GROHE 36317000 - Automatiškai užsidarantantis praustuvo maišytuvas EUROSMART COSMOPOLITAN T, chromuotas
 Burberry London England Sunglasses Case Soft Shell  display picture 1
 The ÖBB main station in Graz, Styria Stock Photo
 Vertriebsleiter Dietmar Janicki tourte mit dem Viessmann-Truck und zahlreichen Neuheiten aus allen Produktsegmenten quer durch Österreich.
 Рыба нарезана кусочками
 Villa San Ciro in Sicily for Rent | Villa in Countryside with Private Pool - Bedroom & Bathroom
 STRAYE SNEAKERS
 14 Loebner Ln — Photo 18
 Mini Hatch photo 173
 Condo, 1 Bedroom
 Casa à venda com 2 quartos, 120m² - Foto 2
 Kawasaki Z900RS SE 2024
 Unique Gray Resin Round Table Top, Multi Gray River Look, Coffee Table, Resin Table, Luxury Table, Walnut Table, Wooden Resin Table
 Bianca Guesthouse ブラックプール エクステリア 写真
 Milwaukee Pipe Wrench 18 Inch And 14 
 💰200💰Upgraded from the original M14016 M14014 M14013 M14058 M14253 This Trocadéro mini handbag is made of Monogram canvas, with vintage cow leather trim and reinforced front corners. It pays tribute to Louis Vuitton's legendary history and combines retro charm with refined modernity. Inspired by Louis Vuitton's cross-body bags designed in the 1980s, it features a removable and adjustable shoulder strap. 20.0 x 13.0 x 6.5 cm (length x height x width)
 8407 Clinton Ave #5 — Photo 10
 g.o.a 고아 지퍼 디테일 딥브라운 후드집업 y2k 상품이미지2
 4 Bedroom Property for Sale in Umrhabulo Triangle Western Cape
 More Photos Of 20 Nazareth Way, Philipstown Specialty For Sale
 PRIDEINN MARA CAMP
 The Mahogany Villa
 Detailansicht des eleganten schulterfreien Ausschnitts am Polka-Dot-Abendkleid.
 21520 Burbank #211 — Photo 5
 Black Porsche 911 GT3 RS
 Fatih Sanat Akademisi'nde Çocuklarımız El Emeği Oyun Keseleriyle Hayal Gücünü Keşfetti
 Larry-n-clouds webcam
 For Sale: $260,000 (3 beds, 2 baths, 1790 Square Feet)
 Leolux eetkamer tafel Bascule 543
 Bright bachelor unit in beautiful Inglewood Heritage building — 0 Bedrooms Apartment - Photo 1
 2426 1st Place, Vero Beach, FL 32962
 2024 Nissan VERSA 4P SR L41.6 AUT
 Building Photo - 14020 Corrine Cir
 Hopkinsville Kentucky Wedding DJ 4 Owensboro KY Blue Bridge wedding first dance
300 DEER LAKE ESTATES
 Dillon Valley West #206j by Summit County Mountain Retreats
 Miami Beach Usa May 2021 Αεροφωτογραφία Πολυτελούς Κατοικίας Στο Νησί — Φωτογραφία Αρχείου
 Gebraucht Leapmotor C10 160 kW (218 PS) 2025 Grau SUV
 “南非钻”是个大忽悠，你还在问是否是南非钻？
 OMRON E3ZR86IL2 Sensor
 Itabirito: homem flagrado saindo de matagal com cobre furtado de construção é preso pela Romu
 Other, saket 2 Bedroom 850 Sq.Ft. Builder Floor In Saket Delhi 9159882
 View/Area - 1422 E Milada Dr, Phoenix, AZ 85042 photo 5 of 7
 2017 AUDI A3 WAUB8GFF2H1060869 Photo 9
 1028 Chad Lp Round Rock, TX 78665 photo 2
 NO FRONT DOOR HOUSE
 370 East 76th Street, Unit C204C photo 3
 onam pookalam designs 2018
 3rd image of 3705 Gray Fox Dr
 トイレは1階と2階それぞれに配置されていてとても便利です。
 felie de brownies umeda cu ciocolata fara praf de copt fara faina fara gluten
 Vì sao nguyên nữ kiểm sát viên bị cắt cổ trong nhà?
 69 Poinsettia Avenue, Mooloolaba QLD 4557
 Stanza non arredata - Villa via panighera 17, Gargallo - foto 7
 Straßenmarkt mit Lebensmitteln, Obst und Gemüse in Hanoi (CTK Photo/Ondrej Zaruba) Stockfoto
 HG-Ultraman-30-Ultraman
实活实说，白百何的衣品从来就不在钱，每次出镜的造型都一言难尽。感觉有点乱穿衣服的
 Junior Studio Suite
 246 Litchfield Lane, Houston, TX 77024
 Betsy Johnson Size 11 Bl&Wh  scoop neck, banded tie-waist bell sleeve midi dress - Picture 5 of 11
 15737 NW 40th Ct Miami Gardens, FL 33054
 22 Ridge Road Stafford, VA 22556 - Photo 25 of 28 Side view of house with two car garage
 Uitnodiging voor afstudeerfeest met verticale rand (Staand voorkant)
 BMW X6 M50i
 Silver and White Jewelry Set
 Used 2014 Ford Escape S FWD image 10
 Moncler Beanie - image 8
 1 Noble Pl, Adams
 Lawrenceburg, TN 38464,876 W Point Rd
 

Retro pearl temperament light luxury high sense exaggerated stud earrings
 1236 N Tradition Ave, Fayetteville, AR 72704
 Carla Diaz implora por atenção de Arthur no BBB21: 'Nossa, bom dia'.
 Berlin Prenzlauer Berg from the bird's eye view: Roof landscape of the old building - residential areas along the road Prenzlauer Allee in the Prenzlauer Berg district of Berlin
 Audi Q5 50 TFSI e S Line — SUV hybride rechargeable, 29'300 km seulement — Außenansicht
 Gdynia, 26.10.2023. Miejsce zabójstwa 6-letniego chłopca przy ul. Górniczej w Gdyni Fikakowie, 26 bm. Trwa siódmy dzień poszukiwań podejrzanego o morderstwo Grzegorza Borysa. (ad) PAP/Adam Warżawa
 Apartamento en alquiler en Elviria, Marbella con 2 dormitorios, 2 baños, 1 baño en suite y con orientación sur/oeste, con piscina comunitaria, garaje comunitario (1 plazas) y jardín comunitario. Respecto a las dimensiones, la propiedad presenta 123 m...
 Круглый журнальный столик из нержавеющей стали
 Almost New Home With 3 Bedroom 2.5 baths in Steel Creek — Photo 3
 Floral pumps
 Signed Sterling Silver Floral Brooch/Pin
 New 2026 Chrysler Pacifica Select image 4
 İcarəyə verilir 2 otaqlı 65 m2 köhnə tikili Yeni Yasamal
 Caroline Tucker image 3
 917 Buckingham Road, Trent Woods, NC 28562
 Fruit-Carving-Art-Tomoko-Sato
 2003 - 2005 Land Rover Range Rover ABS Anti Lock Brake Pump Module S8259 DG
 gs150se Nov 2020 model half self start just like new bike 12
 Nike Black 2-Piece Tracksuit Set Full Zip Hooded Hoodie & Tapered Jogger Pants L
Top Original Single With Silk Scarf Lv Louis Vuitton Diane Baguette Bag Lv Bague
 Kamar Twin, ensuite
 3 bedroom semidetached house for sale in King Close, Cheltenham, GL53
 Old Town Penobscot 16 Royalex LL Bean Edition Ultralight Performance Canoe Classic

EXERCISE PROMPT:
From the records above, retype only the lines starting at the line that contains "370 East 76th Street, Unit C204C photo 3" and ending at the line that contains "1236 N Tradition Ave, Fayetteville, AR 72704", both included.

FINISHED EXERCISE:
 370 East 76th Street, Unit C204C photo 3
 onam pookalam designs 2018
 3rd image of 3705 Gray Fox Dr
 トイレは1階と2階それぞれに配置されていてとても便利です。
 felie de brownies umeda cu ciocolata fara praf de copt fara faina fara gluten
 Vì sao nguyên nữ kiểm sát viên bị cắt cổ trong nhà?
 69 Poinsettia Avenue, Mooloolaba QLD 4557
 Stanza non arredata - Villa via panighera 17, Gargallo - foto 7
 Straßenmarkt mit Lebensmitteln, Obst und Gemüse in Hanoi (CTK Photo/Ondrej Zaruba) Stockfoto
 HG-Ultraman-30-Ultraman
实活实说，白百何的衣品从来就不在钱，每次出镜的造型都一言难尽。感觉有点乱穿衣服的
 Junior Studio Suite
 246 Litchfield Lane, Houston, TX 77024
 Betsy Johnson Size 11 Bl&Wh  scoop neck, banded tie-waist bell sleeve midi dress - Picture 5 of 11
 15737 NW 40th Ct Miami Gardens, FL 33054
 22 Ridge Road Stafford, VA 22556 - Photo 25 of 28 Side view of house with two car garage
 Uitnodiging voor afstudeerfeest met verticale rand (Staand voorkant)
 BMW X6 M50i
 Silver and White Jewelry Set
 Used 2014 Ford Escape S FWD image 10
 Moncler Beanie - image 8
 1 Noble Pl, Adams
 Lawrenceburg, TN 38464,876 W Point Rd
 

Retro pearl temperament light luxury high sense exaggerated stud earrings
 1236 N Tradition Ave, Fayetteville, AR 72704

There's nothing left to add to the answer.